Reviewed: https://review.opendev.org/758843
Committed: https://git.openstack.org/cgit/openstack/horizon/commit/?id=9e0e333ab5277b6c396f602862ff90398cb0242b
Submitter: Zuul
Branch: stable/stein

commit 9e0e333ab5277b6c396f602862ff90398cb0242b
Author: Radomir Dopieralski <email address hidden>
Date: Mon Sep 7 21:03:36 2020 +0200

    Fix open redirect

    Make sure the "next" URL is in the same origin as Horizon before
    redirecting to it.

    Conflicts:
            horizon/test/unit/workflows/test_workflows.py

    Change-Id: I06b2bfc8e3638591615547780c3fa34b0abe19f6
    Closes-bug: #1865026
    (cherry picked from commit 252467100f75587e18df9c43ed5802ee8f0017fa)
    (cherry picked from commit baa370f84332ad41502daea29a551705696f4421)
    (cherry picked from commit 6c208edf323ced07b15ec4bc3879bddb91d398bc)

Any news on CVE assignment?

Revisiting more recent release activity since comment #23, this is what the affects line should include now:

<15.3.2, >=16.0.0 <16.2.1, >=17.0.0 <18.3.3, >=18.4.0 <18.6.0

15.3.2 was tagged with the fix before stable/stein transitioned to extended maintenance and all versions prior to it are assumed to be affected.

The first stable/train tag is 16.0.0 and most recent is 16.2.0, and the fix there has not been released yet so the earliest tag it could appear in would be 16.2.1.

The first stable/ussuri tag is 17.0.0 and most recent is 18.3.2, and the fix there has not been released yet so the earliest tag it could appear in would be 18.3.3.

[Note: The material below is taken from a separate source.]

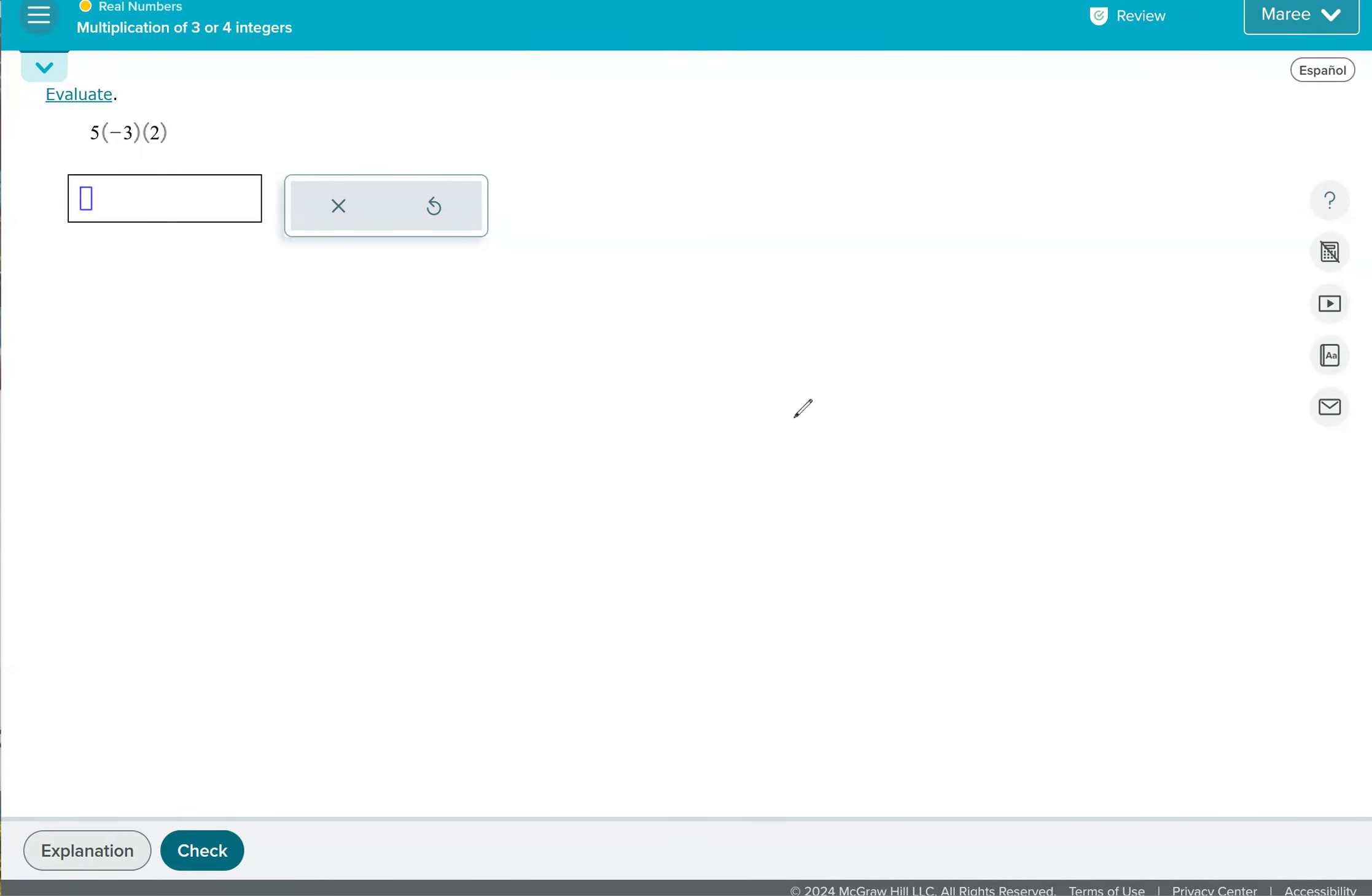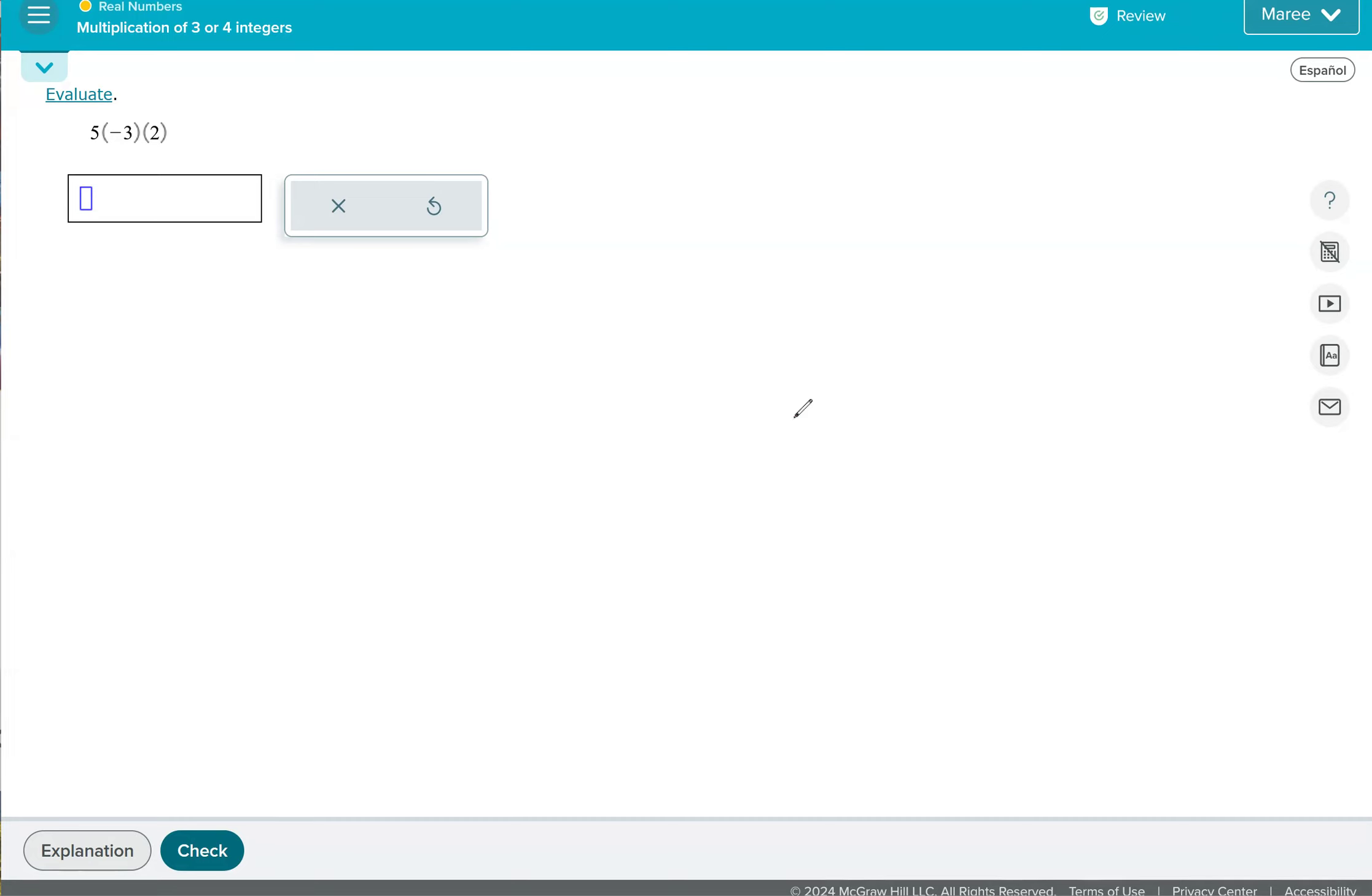This topic is called multiplication of three or four integers. Because we're multiplying and there is the commutative property of multiplication, you can multiply in any order that you want. So one thing to remember is if you have an odd number of negative signs, your answer will be negative. And if you have an even number of negative signs, then your answer will be positive.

The first stable/victoria tag is 18.4.0 and the fix there appeared in 18.6.0.

Updated, please review:

Title: Open redirect possible in Horizon workflow forms
Reporter: Pritam Singh (Red Hat)
Products: Horizon
Affects: <15.3.2, >=16.0.0 <16.2.1, >=17.0.0 <18.3.3, >=18.4.0 <18.6.0

Description:
Pritam Singh (Red Hat) reported a vulnerability in Horizon's workflow forms. Previously there was a lack of validation on the "next" parameter, which would allow someone to supply a malicious URL in Horizon that can cause an automatic redirect to the provided malicious URL.

Gage, your updated impact description in comment #28 looks great, thanks! You should be able to base a CVE request on that and push up an OSSA change with a CVE placeholder in the meantime.

OSSA gerrit: https://review.opendev.org/c/openstack/ossa/+/765388

CVE is pending.

Looks like CVE-2020-29565 has been assigned to this issue:
https://nvd.nist.gov/vuln/detail/CVE-2020-29565

OSSA-2020-008 has been published to relevant mailing lists and the https://security.openstack.org/ site.

This issue was fixed in the openstack/horizon 16.2.1 release.

This issue was fixed in the openstack/horizon 18.3.3 release.

This issue was fixed in the openstack/horizon pike-eol release.

This issue was fixed in the openstack/horizon queens-eol release.

This issue was fixed in the openstack/horizon rocky-eol release.